======== DATASET

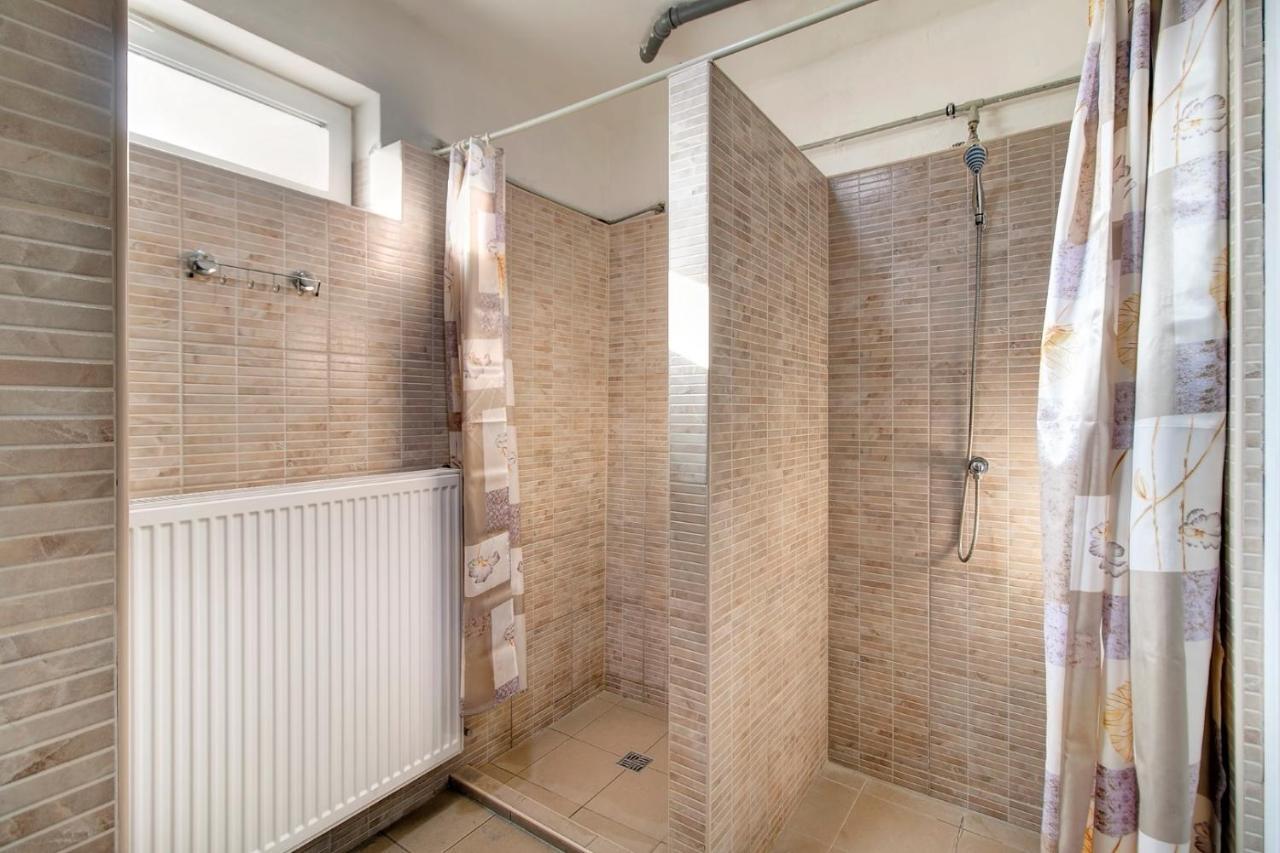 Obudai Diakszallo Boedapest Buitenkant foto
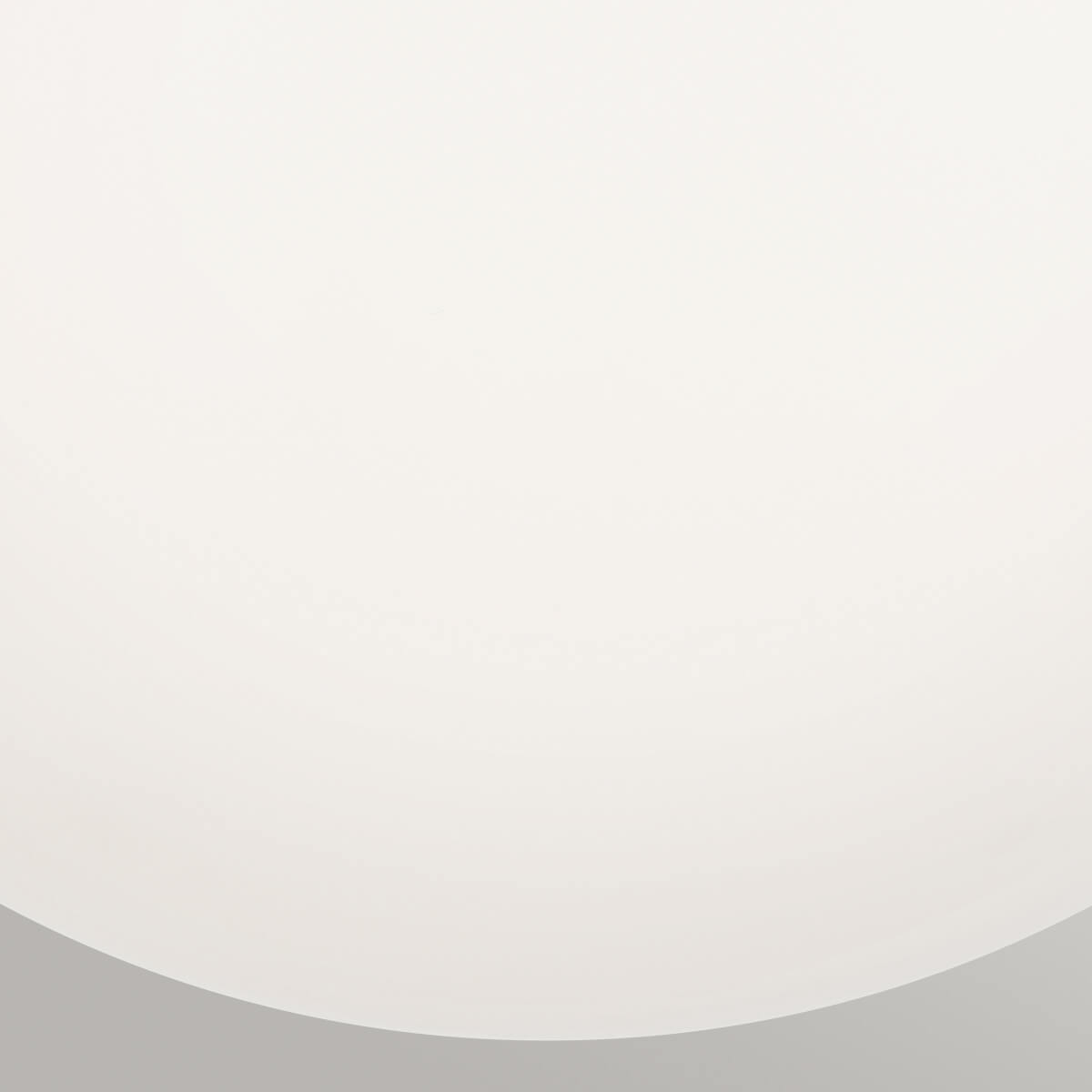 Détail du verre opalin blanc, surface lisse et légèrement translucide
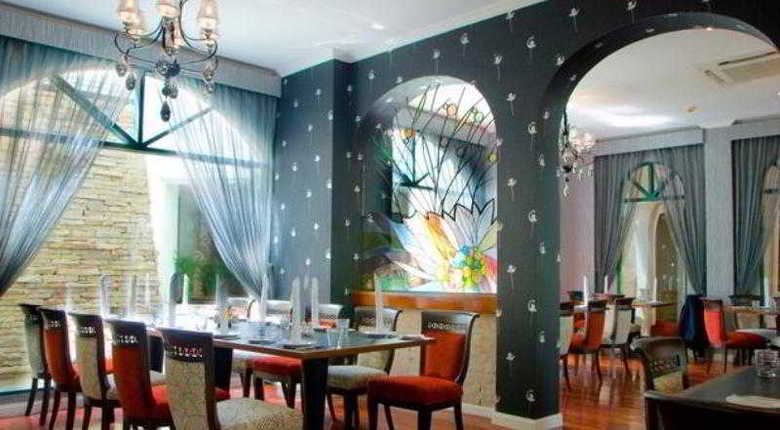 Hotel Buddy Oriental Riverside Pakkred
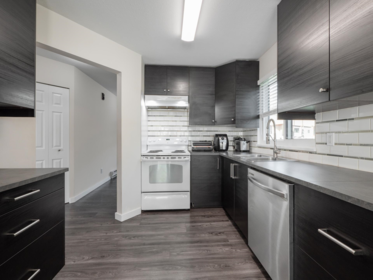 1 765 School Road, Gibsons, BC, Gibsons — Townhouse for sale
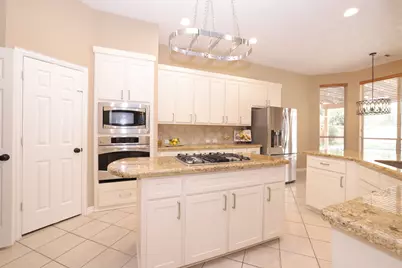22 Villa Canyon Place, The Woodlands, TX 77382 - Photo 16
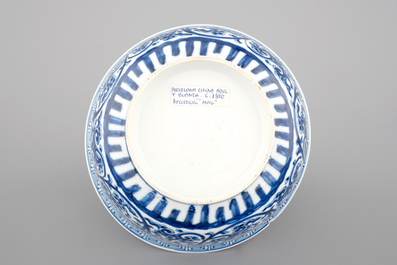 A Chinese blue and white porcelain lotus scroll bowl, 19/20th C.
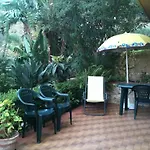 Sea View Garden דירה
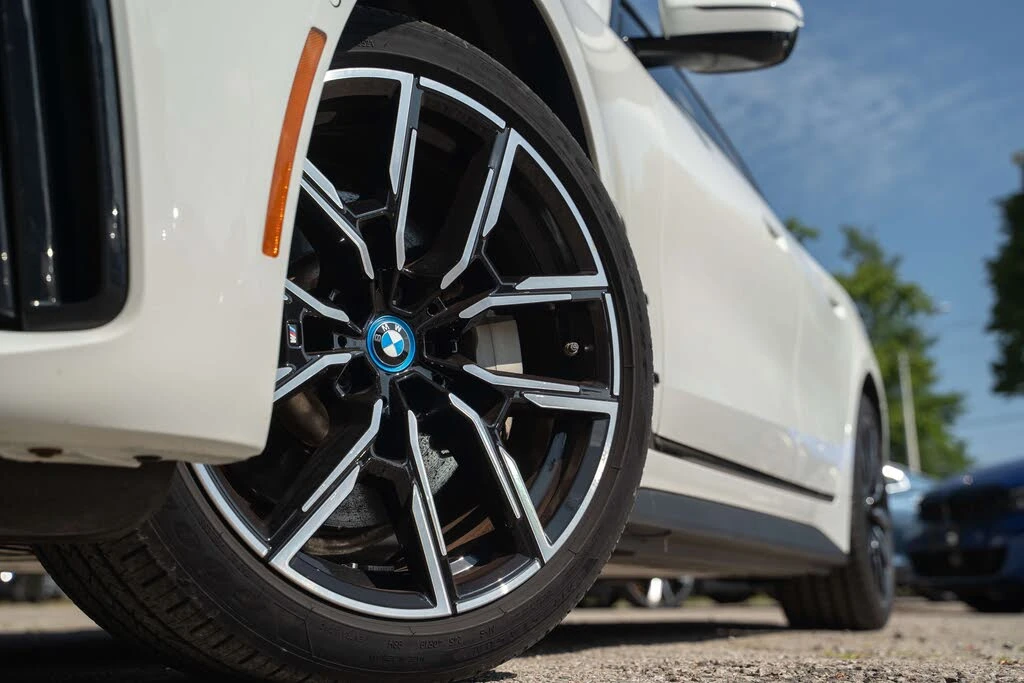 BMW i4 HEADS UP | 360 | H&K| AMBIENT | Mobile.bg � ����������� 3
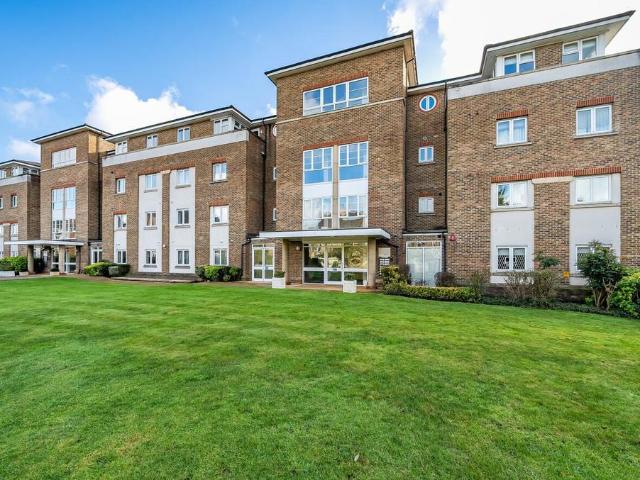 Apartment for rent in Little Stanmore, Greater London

================
======== DATASET

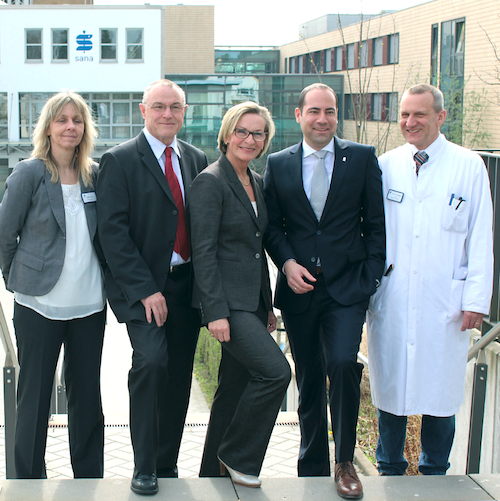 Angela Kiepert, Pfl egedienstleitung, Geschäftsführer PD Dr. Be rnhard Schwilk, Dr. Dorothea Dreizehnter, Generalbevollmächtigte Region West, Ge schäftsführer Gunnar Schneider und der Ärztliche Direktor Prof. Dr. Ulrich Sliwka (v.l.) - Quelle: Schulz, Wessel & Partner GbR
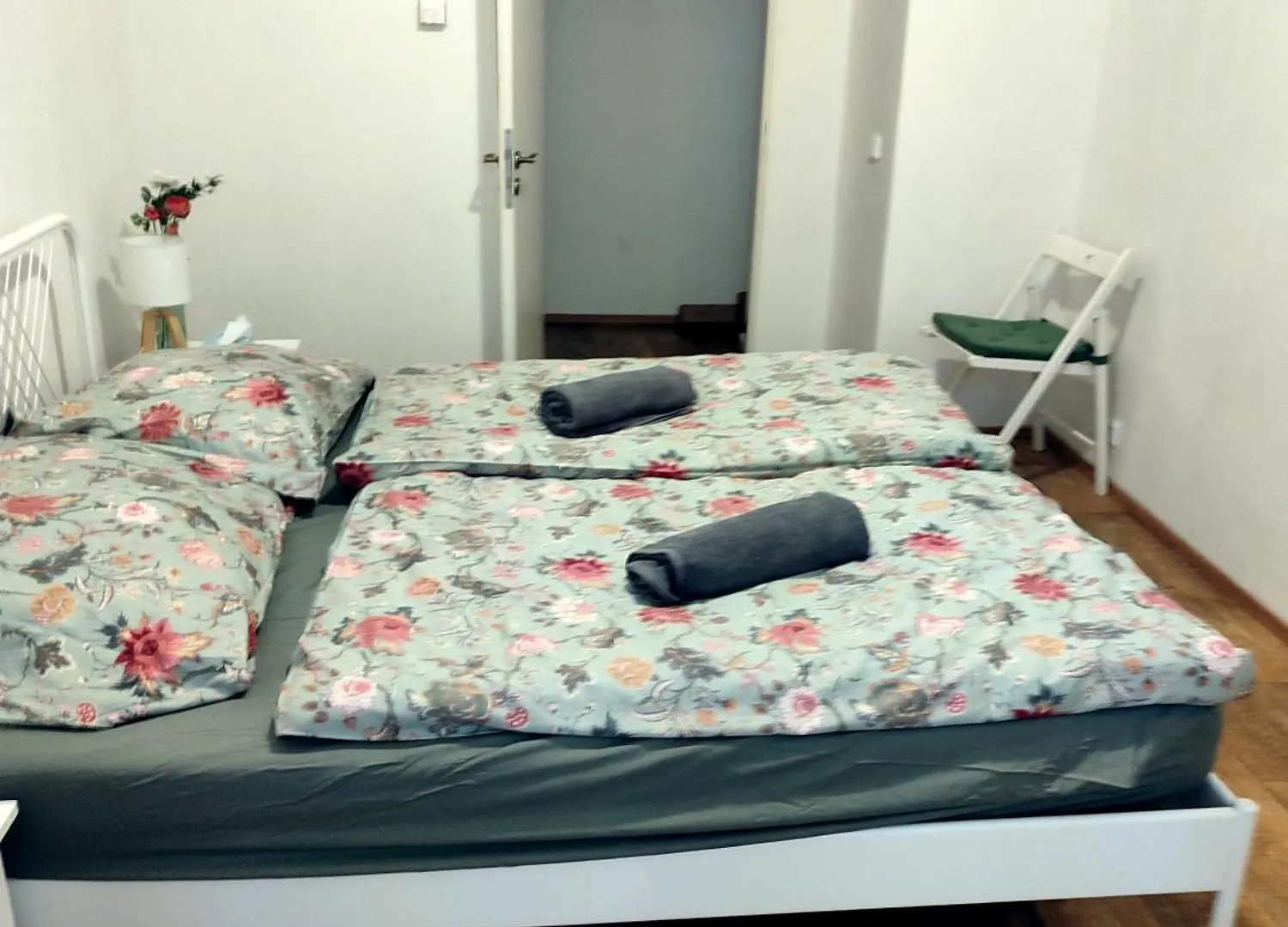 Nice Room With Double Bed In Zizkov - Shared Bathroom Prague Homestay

================
======== DATASET

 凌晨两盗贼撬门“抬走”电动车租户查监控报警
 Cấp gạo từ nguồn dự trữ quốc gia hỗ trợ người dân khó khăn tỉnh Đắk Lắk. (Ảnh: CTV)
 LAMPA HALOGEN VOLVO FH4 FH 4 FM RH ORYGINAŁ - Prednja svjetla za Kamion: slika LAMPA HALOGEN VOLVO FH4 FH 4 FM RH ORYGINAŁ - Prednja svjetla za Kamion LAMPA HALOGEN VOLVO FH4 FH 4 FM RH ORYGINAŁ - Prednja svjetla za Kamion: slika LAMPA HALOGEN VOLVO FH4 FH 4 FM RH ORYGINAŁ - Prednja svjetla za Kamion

================

Go back to the lines above and output, exactly as they stand, the ones from the line containing "Obudai Diakszallo Boedapest Buitenkant foto" to the line containing "Sea View Garden דירה". Leave all pictures behind.

**EXPECTED ANSWER**
 Obudai Diakszallo Boedapest Buitenkant foto
 Détail du verre opalin blanc, surface lisse et légèrement translucide
 Hotel Buddy Oriental Riverside Pakkred
 1 765 School Road, Gibsons, BC, Gibsons — Townhouse for sale
22 Villa Canyon Place, The Woodlands, TX 77382 - Photo 16
 A Chinese blue and white porcelain lotus scroll bowl, 19/20th C.
 Sea View Garden דירה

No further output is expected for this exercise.